The light in front of them turned red and Crowley slammed the breaks. Aziraphale was jerked back into the seat and the box slid forward, knocking against his feet and jarring the contents. Crowley looked down and saw the photograph of him, wearing what he’d worn back in Mesopotamia, not that far from what he’d worn in the beginning.  
  
“I remember who I was before I Fell.”  
  
“Oh.” Aziraphale’s brows climbed up. “I didn’t know. I did not think most demons remembered; I thought you might be annoyed or upset had I asked.”  
  
“Not your fault. Most demons don’t. But I wasn’t just a regular angel.” He twisted his hands around the steering wheel. “And for the longest time, I don’t think anybody else knew. ‘Cept Satan. He thought it was funny, the bastard. Seeing another one of the highest Fall just like him.”  
  
“The highest?” Aziraphale turned from the window to look at him.  
  
Crowley took a breath, even though he didn’t need to breathe at all. “I was Raphael.” His foot pressed down on the gas a little harder. “And I think Gabriel might have realized.”

* * *

* * *

  
  
Gabriel does not get to visit Aziraphale again for a long while. There are so many things that need his attention, so many angels who look to him for direction.
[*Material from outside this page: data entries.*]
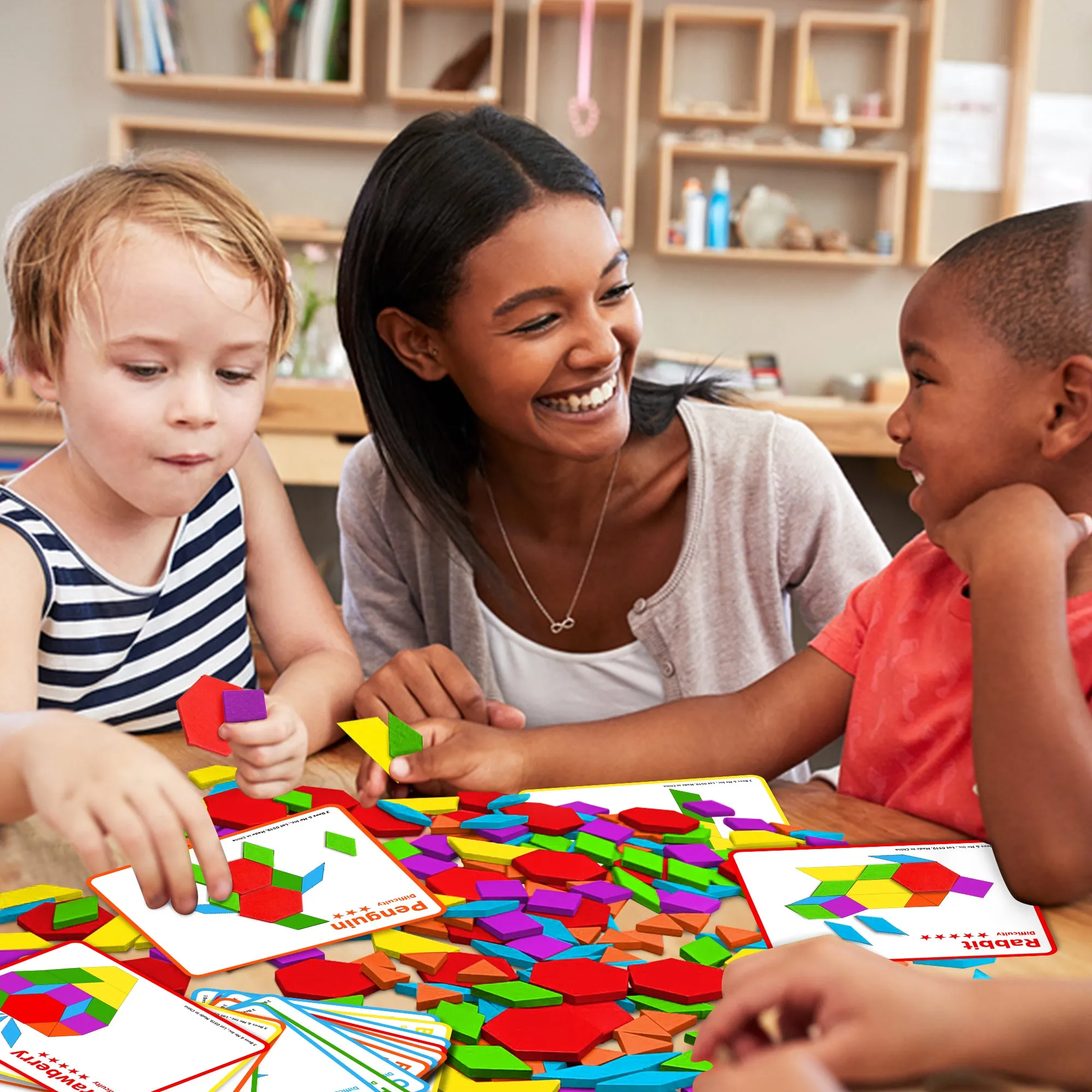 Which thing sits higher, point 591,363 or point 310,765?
point 591,363

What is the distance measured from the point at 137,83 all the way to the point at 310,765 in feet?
10.4

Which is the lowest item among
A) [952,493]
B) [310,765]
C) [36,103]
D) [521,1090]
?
[310,765]

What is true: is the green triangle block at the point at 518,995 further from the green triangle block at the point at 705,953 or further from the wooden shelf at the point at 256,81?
Answer: the wooden shelf at the point at 256,81

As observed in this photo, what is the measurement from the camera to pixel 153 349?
1003mm

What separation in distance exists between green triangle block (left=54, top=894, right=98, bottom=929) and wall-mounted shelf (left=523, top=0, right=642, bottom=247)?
318cm

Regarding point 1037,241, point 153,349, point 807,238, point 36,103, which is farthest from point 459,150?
point 36,103

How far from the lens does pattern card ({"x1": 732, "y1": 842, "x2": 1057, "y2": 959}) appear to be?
2.15 feet

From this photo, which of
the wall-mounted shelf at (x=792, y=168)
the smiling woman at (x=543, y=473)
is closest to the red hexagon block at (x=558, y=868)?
the smiling woman at (x=543, y=473)

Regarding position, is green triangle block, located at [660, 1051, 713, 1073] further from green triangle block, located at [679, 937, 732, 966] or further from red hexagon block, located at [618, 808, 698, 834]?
red hexagon block, located at [618, 808, 698, 834]

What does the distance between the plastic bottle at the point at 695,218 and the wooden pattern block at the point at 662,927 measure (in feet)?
10.3

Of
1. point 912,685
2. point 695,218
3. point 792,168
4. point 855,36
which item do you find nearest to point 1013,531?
point 912,685

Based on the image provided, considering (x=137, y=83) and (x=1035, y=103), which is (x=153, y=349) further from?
(x=1035, y=103)

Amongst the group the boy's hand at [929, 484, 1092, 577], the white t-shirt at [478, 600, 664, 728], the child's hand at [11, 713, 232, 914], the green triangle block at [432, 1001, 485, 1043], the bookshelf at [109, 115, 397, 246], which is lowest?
the white t-shirt at [478, 600, 664, 728]

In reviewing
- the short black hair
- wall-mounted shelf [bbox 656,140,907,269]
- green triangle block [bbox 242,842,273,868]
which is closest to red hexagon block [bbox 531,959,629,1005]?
green triangle block [bbox 242,842,273,868] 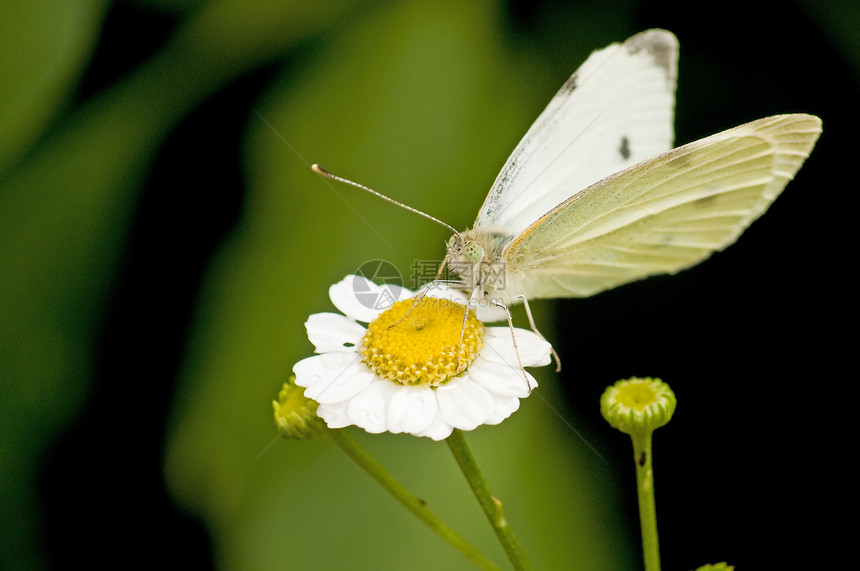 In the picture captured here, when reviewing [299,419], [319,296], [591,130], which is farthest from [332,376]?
[591,130]

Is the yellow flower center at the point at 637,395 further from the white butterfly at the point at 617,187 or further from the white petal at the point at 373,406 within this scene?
the white petal at the point at 373,406

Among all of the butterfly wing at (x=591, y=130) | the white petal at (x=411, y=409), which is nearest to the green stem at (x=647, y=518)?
the white petal at (x=411, y=409)

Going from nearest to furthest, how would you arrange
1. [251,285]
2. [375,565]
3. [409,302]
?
[409,302]
[375,565]
[251,285]

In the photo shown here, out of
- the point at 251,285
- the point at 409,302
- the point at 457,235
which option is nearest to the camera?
the point at 409,302

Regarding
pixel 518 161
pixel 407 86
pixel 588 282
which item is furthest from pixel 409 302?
pixel 407 86

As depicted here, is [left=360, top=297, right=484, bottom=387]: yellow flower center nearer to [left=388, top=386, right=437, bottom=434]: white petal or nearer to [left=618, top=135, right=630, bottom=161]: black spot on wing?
[left=388, top=386, right=437, bottom=434]: white petal

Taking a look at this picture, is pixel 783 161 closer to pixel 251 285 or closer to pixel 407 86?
pixel 407 86
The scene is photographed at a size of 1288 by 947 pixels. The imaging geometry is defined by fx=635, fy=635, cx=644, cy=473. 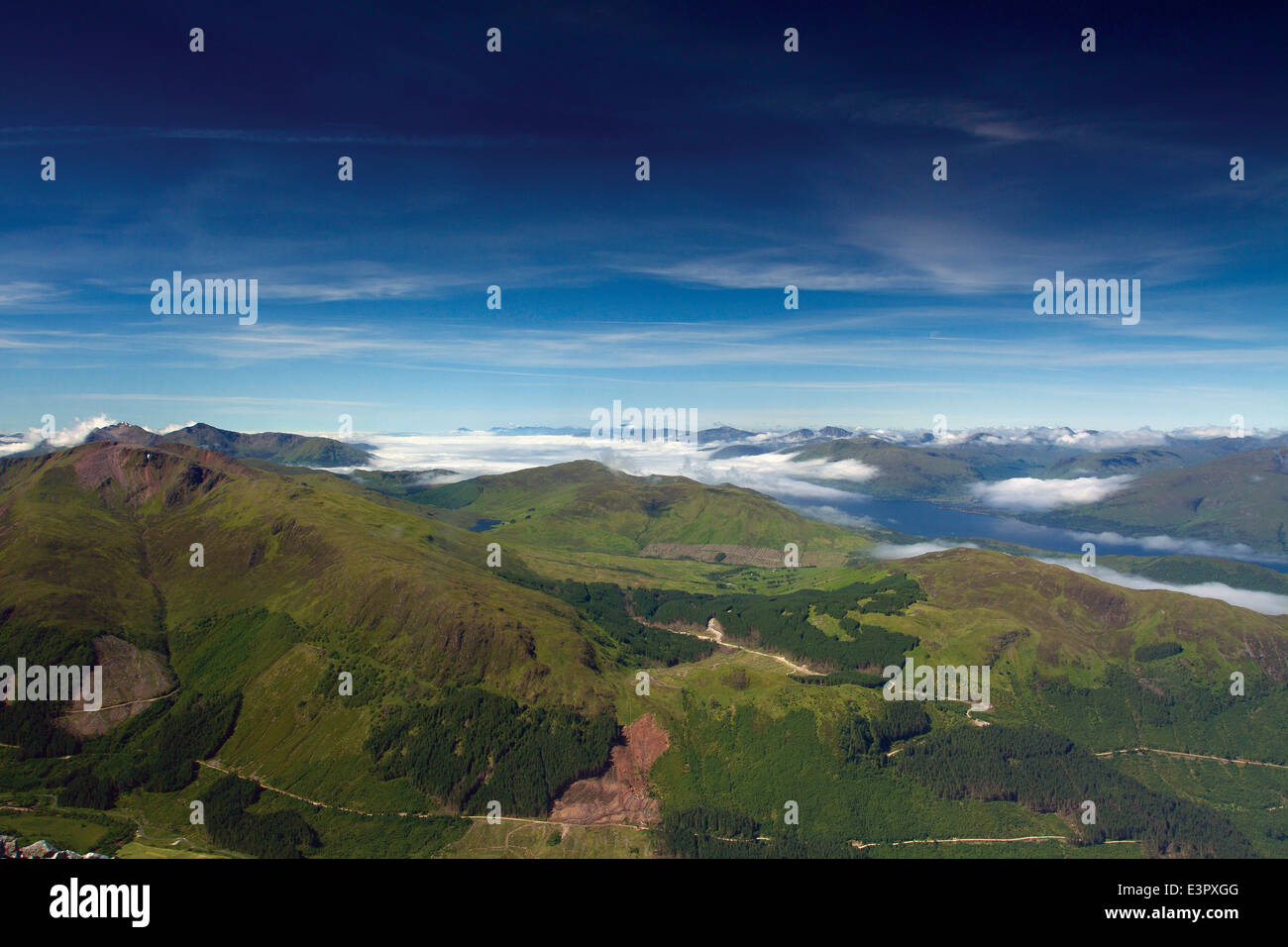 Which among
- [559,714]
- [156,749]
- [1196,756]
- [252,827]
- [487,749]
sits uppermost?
[559,714]

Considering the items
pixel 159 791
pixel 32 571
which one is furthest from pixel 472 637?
pixel 32 571

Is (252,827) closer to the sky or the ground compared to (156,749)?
closer to the ground

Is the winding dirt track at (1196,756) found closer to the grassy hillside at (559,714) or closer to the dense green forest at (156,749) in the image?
the grassy hillside at (559,714)

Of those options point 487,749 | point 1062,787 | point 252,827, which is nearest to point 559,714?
point 487,749

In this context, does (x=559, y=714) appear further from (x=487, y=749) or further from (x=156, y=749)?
(x=156, y=749)

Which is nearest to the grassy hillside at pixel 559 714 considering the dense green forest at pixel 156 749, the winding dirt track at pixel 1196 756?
the dense green forest at pixel 156 749

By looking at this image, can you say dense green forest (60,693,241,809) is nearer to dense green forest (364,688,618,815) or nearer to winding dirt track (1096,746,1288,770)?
dense green forest (364,688,618,815)

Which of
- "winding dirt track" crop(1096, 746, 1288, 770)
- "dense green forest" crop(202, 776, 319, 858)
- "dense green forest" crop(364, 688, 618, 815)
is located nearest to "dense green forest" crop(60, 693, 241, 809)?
"dense green forest" crop(202, 776, 319, 858) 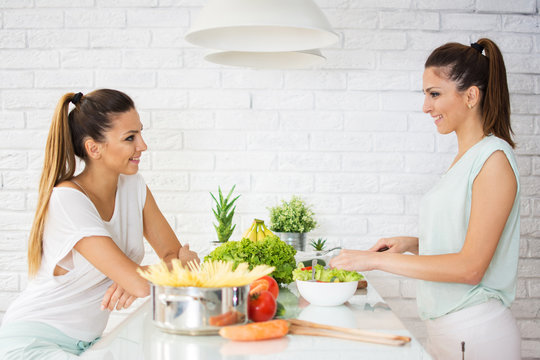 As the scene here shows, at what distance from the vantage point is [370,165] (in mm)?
3006

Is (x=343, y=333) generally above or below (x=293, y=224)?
below

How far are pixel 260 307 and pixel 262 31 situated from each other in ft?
3.34

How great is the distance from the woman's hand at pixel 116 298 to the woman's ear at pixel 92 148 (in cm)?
57

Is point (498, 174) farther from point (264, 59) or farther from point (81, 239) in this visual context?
point (81, 239)

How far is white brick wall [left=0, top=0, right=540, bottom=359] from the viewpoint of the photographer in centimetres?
298

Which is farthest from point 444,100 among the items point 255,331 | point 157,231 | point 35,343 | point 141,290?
point 35,343

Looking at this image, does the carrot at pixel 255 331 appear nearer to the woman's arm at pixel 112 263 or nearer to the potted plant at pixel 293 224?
the woman's arm at pixel 112 263

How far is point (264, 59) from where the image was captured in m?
2.22

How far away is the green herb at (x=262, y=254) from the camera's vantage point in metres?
1.80

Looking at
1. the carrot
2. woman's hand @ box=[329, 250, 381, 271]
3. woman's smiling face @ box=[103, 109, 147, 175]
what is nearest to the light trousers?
the carrot

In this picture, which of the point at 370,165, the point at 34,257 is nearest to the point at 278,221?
the point at 370,165

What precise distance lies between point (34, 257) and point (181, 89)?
1349mm

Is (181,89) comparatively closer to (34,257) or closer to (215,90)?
(215,90)

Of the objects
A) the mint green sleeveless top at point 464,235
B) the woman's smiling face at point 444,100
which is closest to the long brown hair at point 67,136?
the woman's smiling face at point 444,100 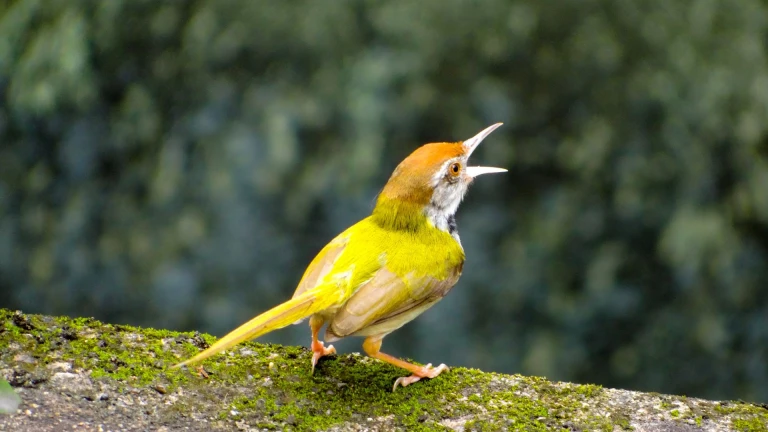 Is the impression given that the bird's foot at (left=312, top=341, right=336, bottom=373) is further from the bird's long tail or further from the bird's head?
the bird's head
Michael and Uriel often remind him that his work is Very Important and that without it, the Adversary might win when the Great Plan finally comes to fruition. Even Sandalphon stresses this to him at one point, though when he does Gabriel lets the smile slide off his face for once and tells him that he _knows_. He knows, he does, deep inside. This is the goal. They need to win. When they they do, Heaven and all her angels can be truly at peace, knowing their enemies are vanquished. He will not have to supervise angels going back and forth for they will all be back in Heaven, doing as they ought. No demons to thwart, no humans to bless and to save. All as it should be.  
  
But sometimes when he has been in his office long enough that he has forgotten how much time has passed, when his corporation is stiff and he rises to stare out of the window over the Heavenly city and creation below, he thinks that none of this would have even been necessary if the rebellion had not happened. There would be no demons to to battle at all, Her humans would not have fallen prey to temptation for they would have been none to tempt them. It could all have been lovely. They would have all been together. He could have spent more time with…  
  
He Fell too, Gabriel reminds himself. Questions were more important than faith in Her or the stars or anything else, anyone else. He Fell like all the rest, screaming and distorted and deformed. He festers down in that hole same as any of them - assuming he hasn’t been killed already.  
  
Something inside him aches at the thought of Raphael, not only Fallen but gone, and he shakes his head furiously to rid himself of the thought.  
  
The death of a demon is something he should celebrate. Truly right and just. Anyway, why should he care for one who found it so easy to leave his side for the sake of mere curiosity? It’s his own fault. It’s all of their faults. He gave him the stars and then took him away from them.  
  
After a particularly long decade, Gabriel voices some of this to Michael. Nothing that would hint he has any doubts about or anger towards the Great Plan. He doesn’t. It’s necessary. He understands this, would not question this. Nor would he suggest that the fate of any particular demon concerns him. Instead he brings up how he hates the fallen for their rebellion and she nods like it’s only natural.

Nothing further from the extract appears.